These attributes are all pointed at the imagination of “a truly unified world system whereby all systems of modern rationalism would finally be properly fused.”16
Of course, the inquiring mind will ask, to what end? And more importantly, to whose end? Of course, answers to these questions are never made clear, perhaps because they cannot be made clear. But it is worth pointing out that the impetus toward the aforementioned fusion is a very different thing than the impetus toward cultural diversity, and it is also interesting to note that among the many topics of cultural identity that have surfaced during the heyday of the global mega-exhibition, the debt obligations of post-colonial nation states is one that almost never comes up. That is because the thing instigating and benefiting from the aforementioned fusion is a global, trans-national banking system that has learned how to use both art and nation states as tools for its own purposes. That much said, we can go on to productively note Burning Man is also a mega-exhibition, but in many ways it is also an anti-mega-exhibition, especially in the ways that it prefigured, mirrored and satirized the “the rhizomatic logics of horizontality, interconnection and dispersal” that have become de rigueur themes in twenty-first century art. III
Electrical Suit sketch by Dr. Austin Richards AKA Dr. Megavolt
Electrical Suit sketch by Dr. Austin Richards AKA Dr. Megavolt

For all of Burning Man’s claims of being a place apart from the default world that it pretends to leave behind, it nonetheless does seem that the event sustains an oblique relationship to that world. During the technologically addled 1990s, Burning Man seemed to be prophetically far ahead of the cultural environment surrounding it. The chief reason for this was its far-reaching imagination of the ways that new technology could recast how social relations might be reconfigured in critical relation to what Naomi Klein would later call “Disaster Capitalism.”17

In those days, the presiding spirit of Burning Man was not any getting back to the mythical garden that so captured the imagination of the Woodstock generation so much as it was a celebration of various kinds of real and imagined love taking place amongst the post-apocalyptic ruins of rampant military adventurism and financial and ecological unsustainability. But in 2001, the specter of real apocalypse became traumatically evident when the 9/11 terrorist attacks ushered in an unfunded war wedded to the draconian trappings of the National Security State.

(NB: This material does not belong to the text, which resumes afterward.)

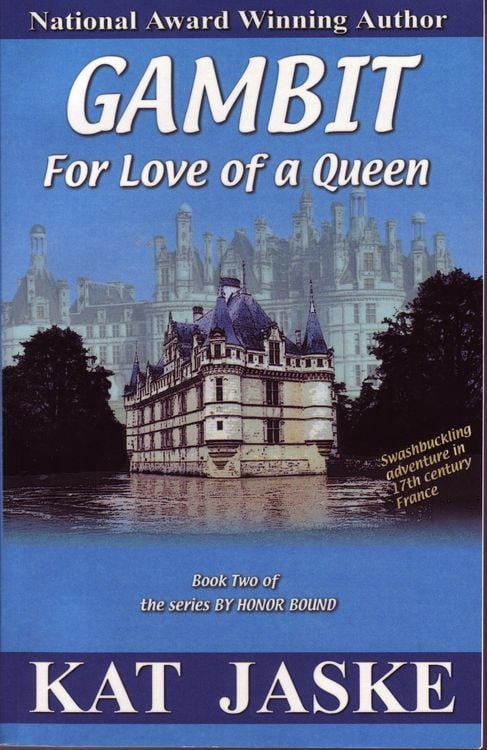 Produktbild: Gambit For Love of a Queen (For Honor, #2)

Suddenly, the world caught up with Burning Man’s parsing of the utopian and dystopian themes of technologically-assisted social capitalism, making them seem redundantly similar to the mass media narratives about a brave new cyber-economy as well as the emergence of other forms of Postart spectacle that had come into prominence in the art world. The fact that Burning Man had become the putative darling of a kind of trivializing mass-media condescension did not help, and over time the event become more-and-more indistinguishable from the “wild and crazy” caricatures that were heaped upon it. By 2007, the event had clearly become a victim of its own clichés of flagrant silliness, mired in a repetitious cycle of nostalgia for the exuberant 1990s. Soon after that, that the world would pass it by, because in 2008, the story would take another turn, a downturn to be exact. The financial crisis that exploded in October of that year once again recalibrated the larger terrain of cultural understanding, and the urgency of that moment began to make Burning Man look every bit as indulgent and frivolous as it did the institutional art world. Soon thereafter, a new concern for the politics of social justice had come into the foreground, eclipsing the themes of alternative identity and self-sustaining community-of-desire that were such prominent features of the event during its 1990s heyday. It was time to pass the metapolitical torch of the do-it-with-others ethos so that a very different fire might be lit with the aid of a few well-placed Falstaffian pitchforks.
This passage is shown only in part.